Frequently Asked Questions

How much time do you spend on clearance per week?

About 90 minutes total — 15 minutes Sunday planning, 12-minute Monday drive-by if warranted, a few mid-week checks on my phone, 8 minutes Friday for Nordstrom Rack, and ~25 minutes Saturday for one targeted store run.

Do you actually use your own product?

Yes — I built Endless because I wanted exactly this kind of feed across every store. I use it every Sunday night and most mornings. If it didn’t make my routine faster, I wouldn’t keep it as the centerpiece.

Is checking deals daily worth it?

In my experience, no. Daily checking led me to make worse purchases — there’s always something kind-of-on-sale, and I’d talk myself into it. A weekly cadence with one or two targeted check-ins works better.

What’s the one thing most people overdo?

Driving to stores.
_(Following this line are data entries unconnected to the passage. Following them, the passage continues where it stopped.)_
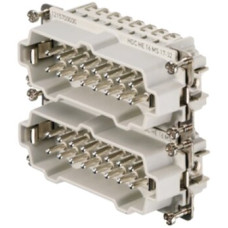 Stifteinsatz Weidmüller HDC HE 17-32 500V 16A 16L Schraubanschluss Gr.6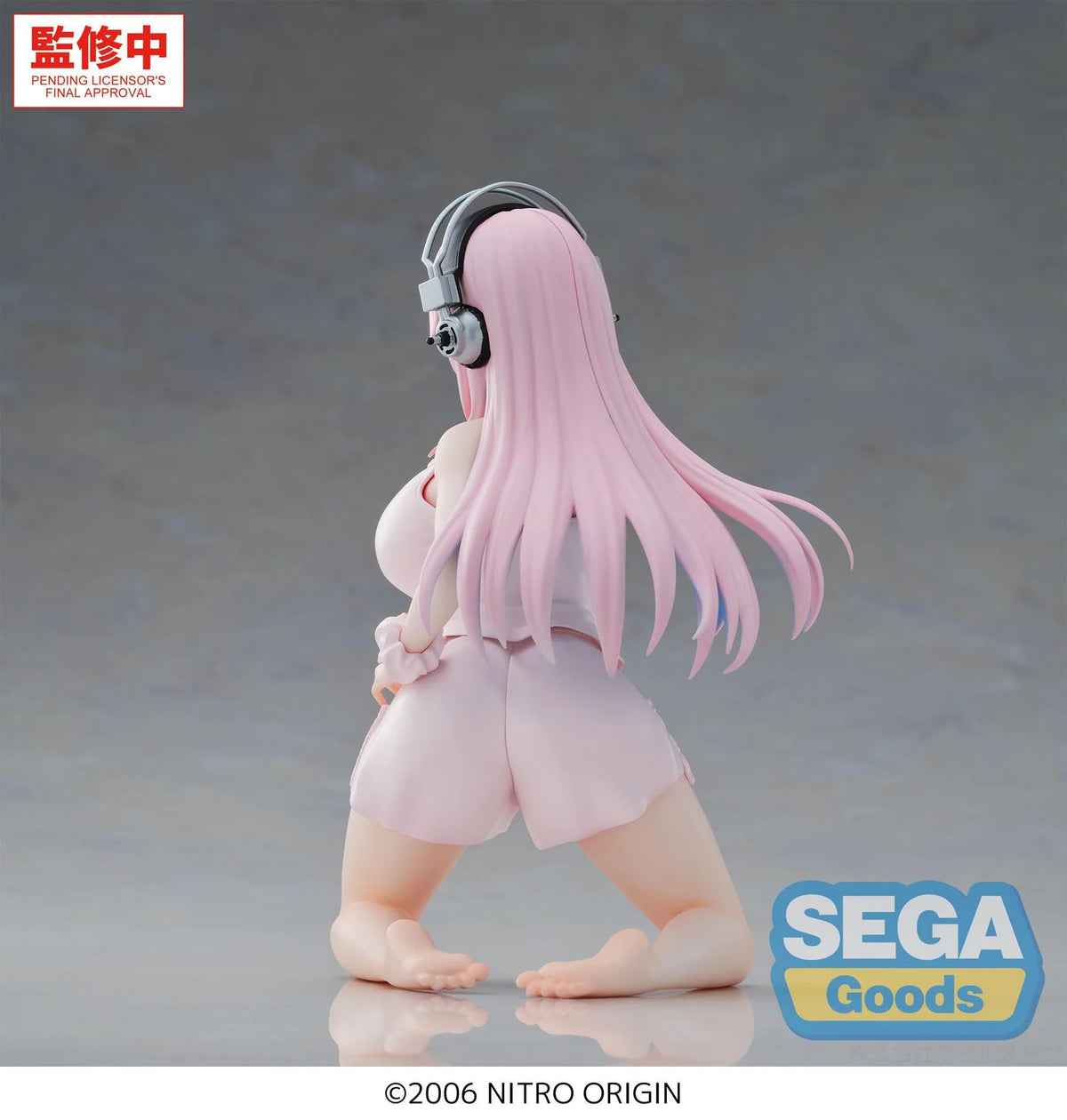 (Pre-Order) Yumemirize "Super Sonico" - Prize Figure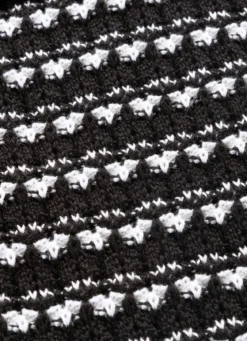 Strickjacke mit aufwendigem Strukturmix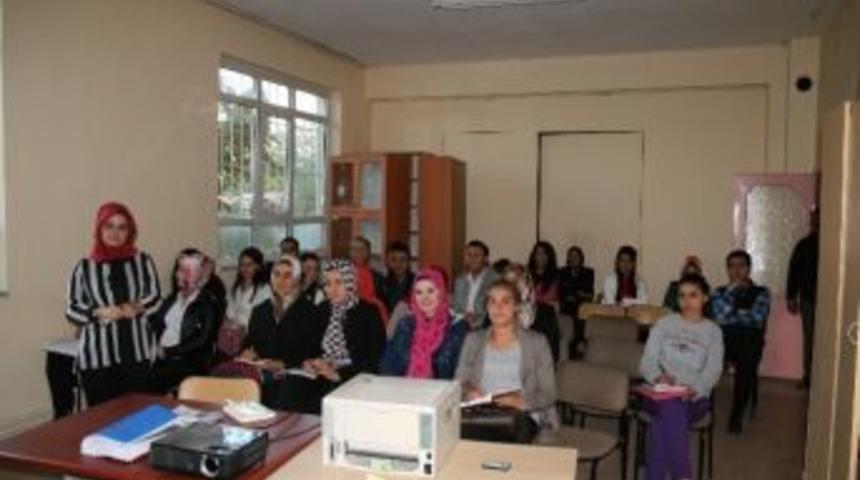 Kulu Halk Eğitim Kursları Devam Ediyor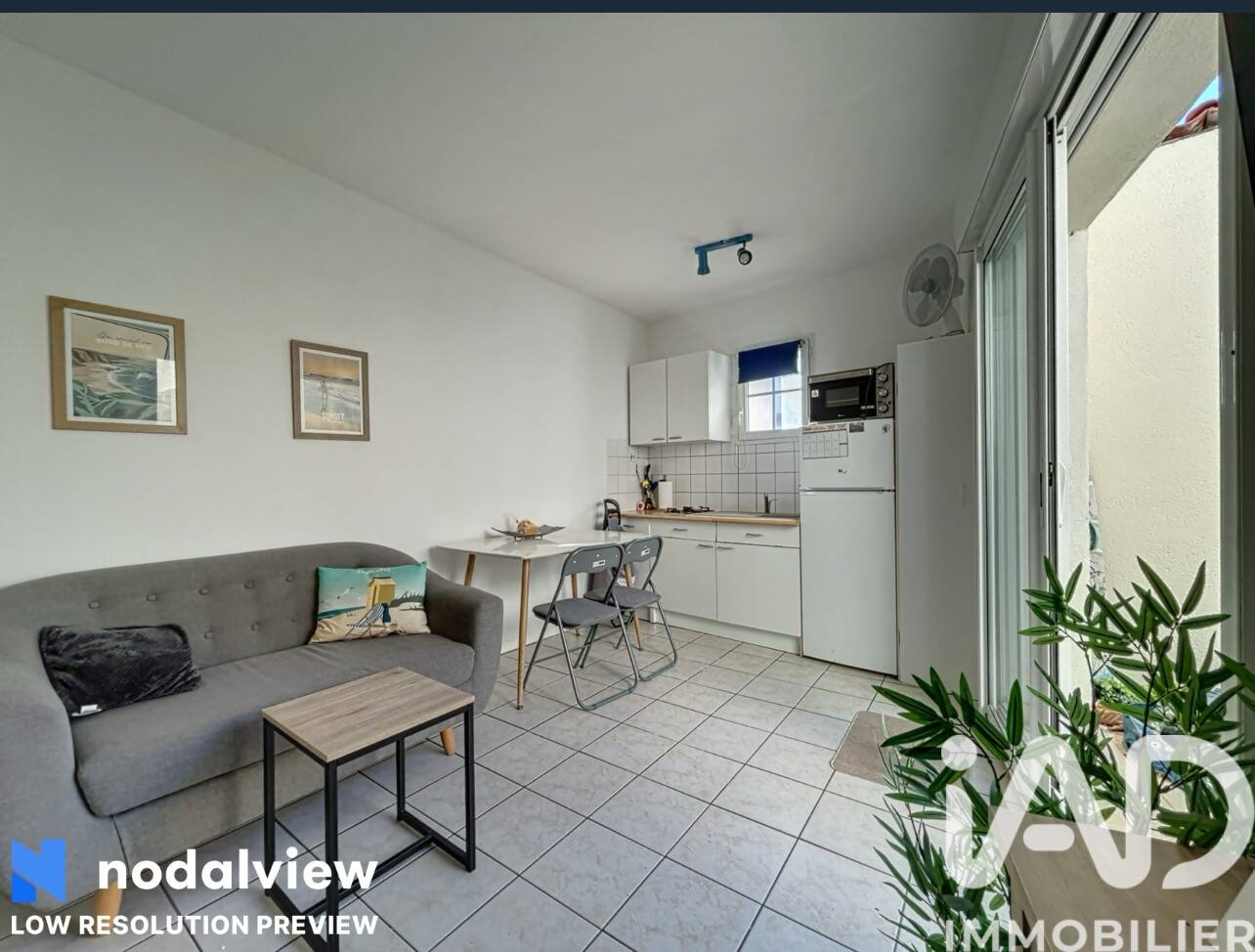 Maison à vendre, 24m², LA TREMBLADE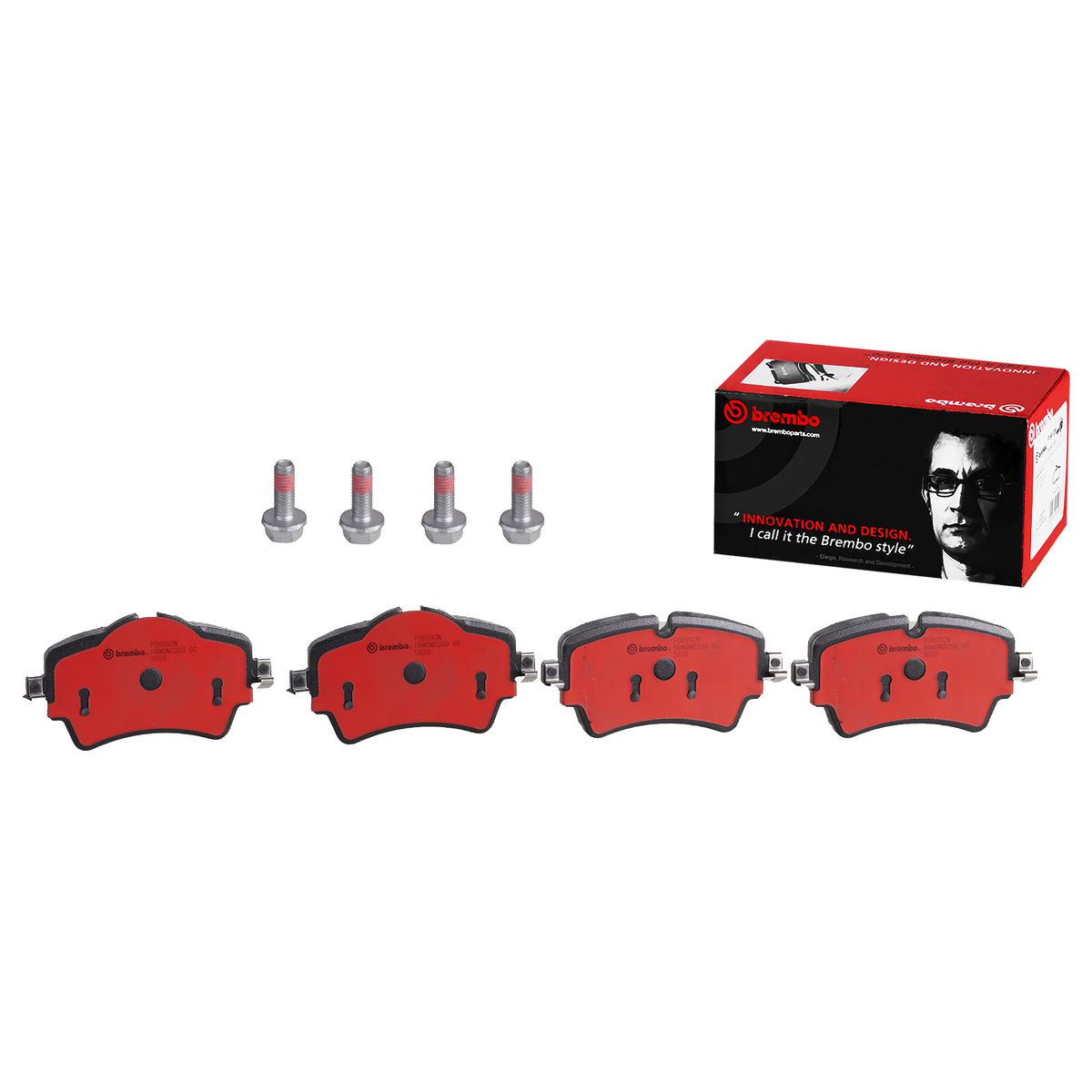 Brembo Brake Pad Set P06092N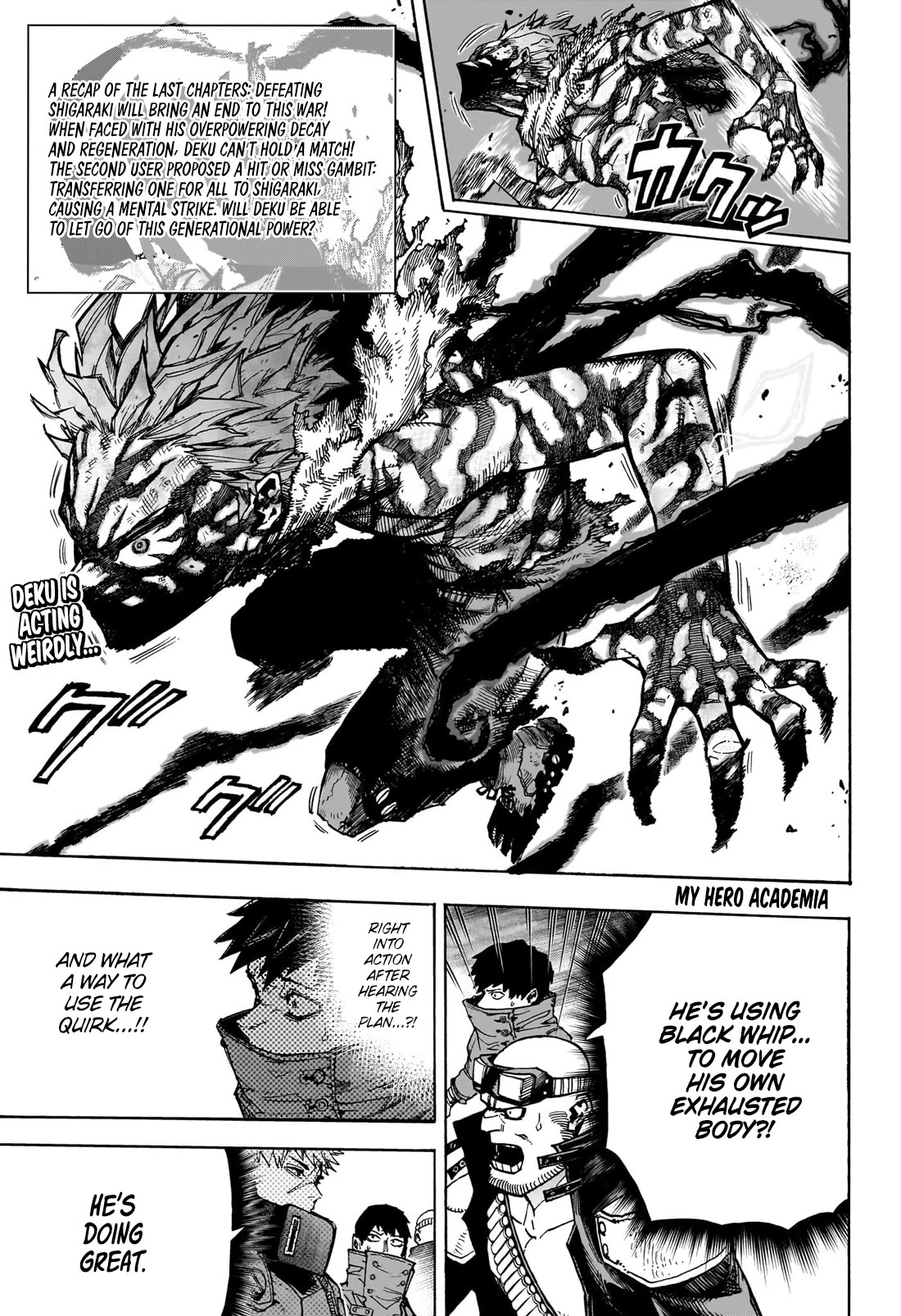 Read Boku no Hero Academia EN Manga Online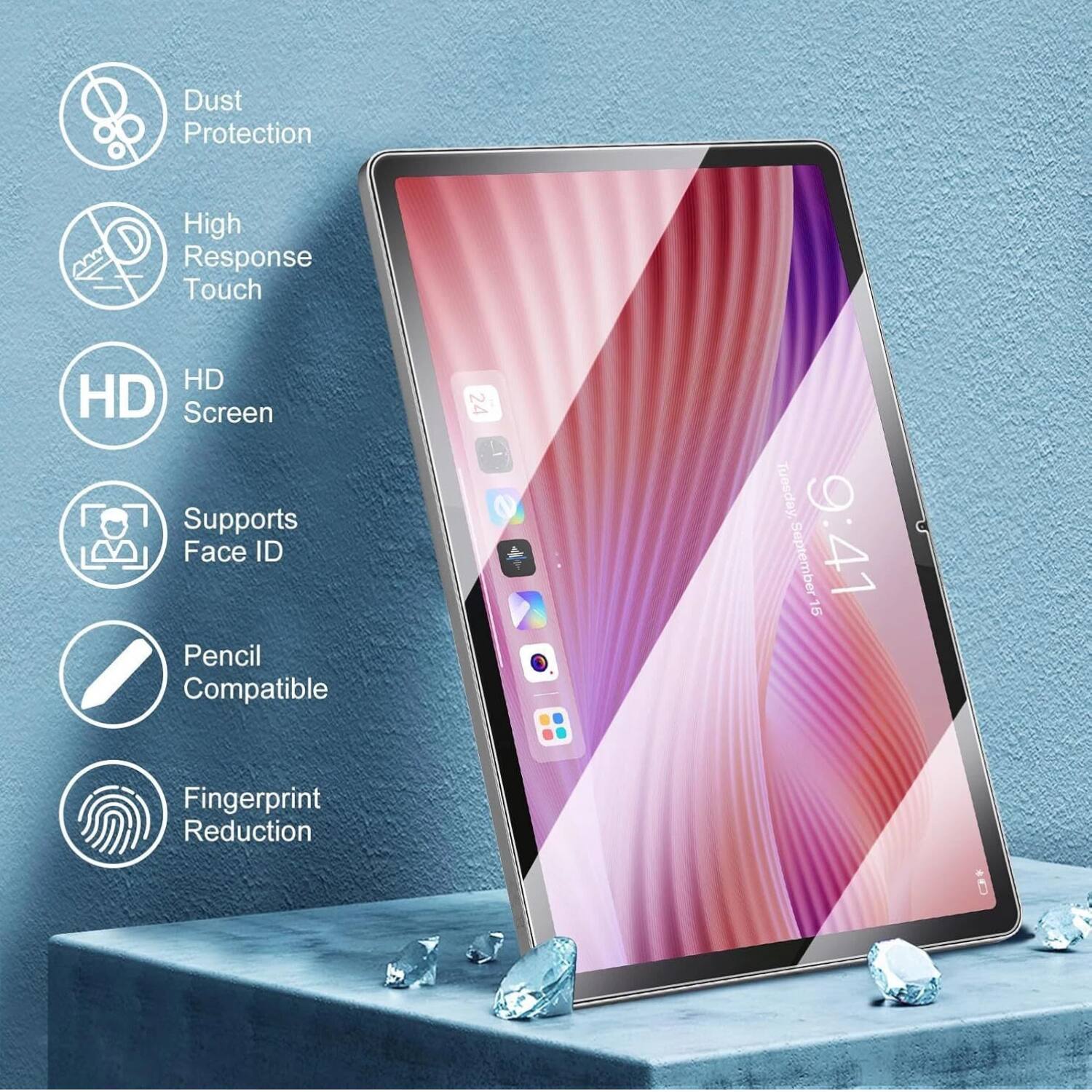 - Dust Protection
- High Response Touch
- HD Screen
- Supports Face ID
- Pencil Compatible
- Fingerprint Reduction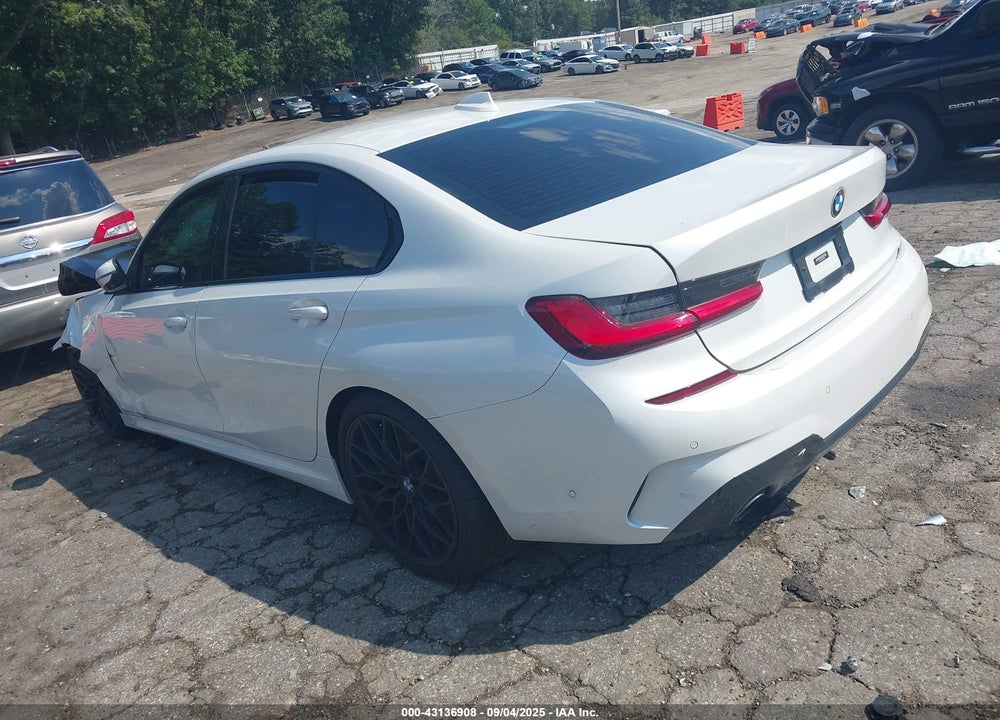 2021 BMW 3 SERIES VIN: 3MW5R7J09M8B86889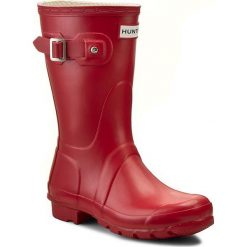 Buty zimowe damskie: Kalosze HUNTER – Original Short WFS1000RMA Red W23758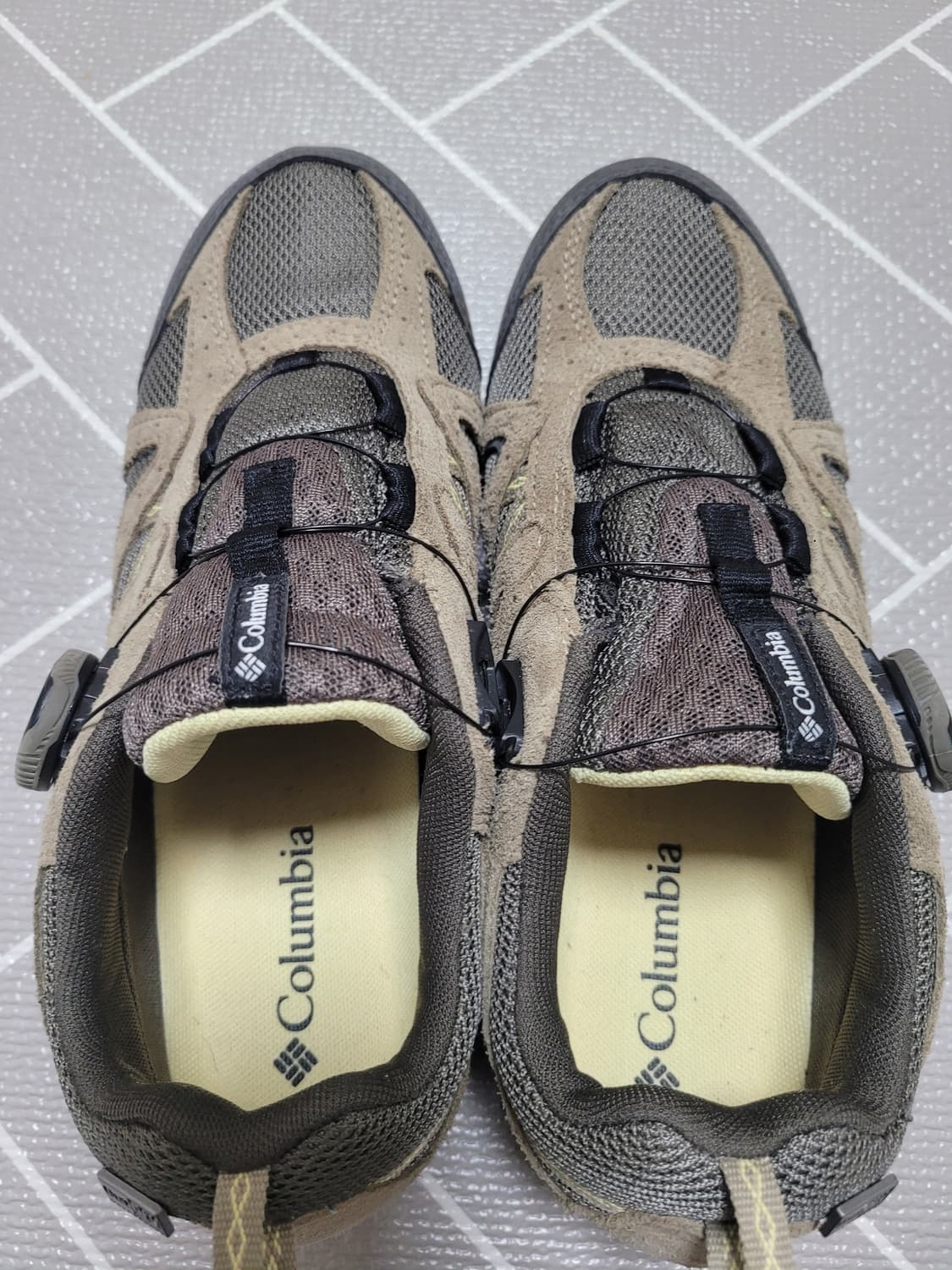 컬럼비아 그랜드 캐년 아웃드라이 보아 트레킹화 250 상품이미지5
Most clearance is checkable remotely now. I’ll only drive when something specific is flagged. The “I’ll just stop by Home Depot and see what’s there” instinct is the single biggest time-waster I had to break.

What if I only have 30 minutes a week?

Spend it Sunday night doing the plan. Skip everything else. One focused 30-minute scan of every store within driving distance — sorted by markdown depth — beats five 30-minute walk-throughs of a single store.